Source: FXEmpire.com

That said, the first quarter did see plenty of losses, with the S&P 500 shedding nearly 5%, the Nasdaq 100 declining 9% and the Russell 2000 down 7%. 

ETFs performed well throughout, in specific categories. Energy, of course, won the quarter, but even that is still a guessing game going forward, with a complete lack of consensus as to where it’s headed. The market can’t get a handle on the full impact of the Russian war on Ukraine and the sanctions that have been put in place. 

Out of the 30 top performing ETFs for Q1 2022, 26 of them were from the energy sector. 

Source: TheStreet.com

For Q2, investors are having a bit of a rethink, and the top performing ETFs might not be dominated by energy–at least so thoroughly. 

One ETF segment that we expect to emerge as a major winner is in the area of semiconductor chips, where long-running shortages have been wreaking havoc in the auto industry, where inventories are extremely low and prices are soaring. 

This is a bet, according to Bloomberg, on the semiconductor industry recovering from its supply chain problems. Shortages haven’t meant huge riches for the semiconductor sector because that only works when you can actually race to meet soaring demand. The money is made in the balance. 

Investors are now seriously hedging on brighter days ahead, pouring some $6.8 billion into chipmaker ETFs in Q1 2022. They didn’t put that much into it for the entire year of 2021, according to Bloomberg. 
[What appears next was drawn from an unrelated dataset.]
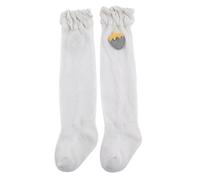 Zgehnao - Calcetines altos hasta la rodilla, calcetines de rodilla para niñas con bordado de fresa para recién nacidos de 0 a 3 años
Try VanEck Semiconductor ETF (SMH) on the dip. It’s lost over 21% YTD, but if big money is right, the rebound could be rewarding.

Another shift we could see on the ETF arena is towards “inflation-fighting” funds. With inflation pushing prices to 40-year high levels, this could be a good way to hedge against rising costs. 

The Horizon Kinetics Inflation Beneficiaries ETF (INFL) intends to do exactly this. The goal of this ETF is to basket a bunch of very carefully curated stocks that are more likely to outperform their peers when costs of energy and raw materials rise in an inflationary environment. It’s a fund you might not have heard of, but it’s plenty liquid. 

Year-to-date, it’s up over 9% but Q2 is when we expect the inflationary pressures to really kick in, so this could have considerable room to run further. 

It’s time for a rethink of investment portfolios, and going all-in on energy isn’t protection enough.

"Markets got more complicated," Nanette Abuhoff Jacobson, global investment strategist at Hartford Funds, told Investors.com. "2021 was really marked by a single theme and response, which was Covid and what the policy response would be. So, while it didn't feel like things were relatively simple, in hindsight it was. And that's why risk assets did spectacularly well. Now, we've got multiple narratives that are rocking markets and volatility is much higher."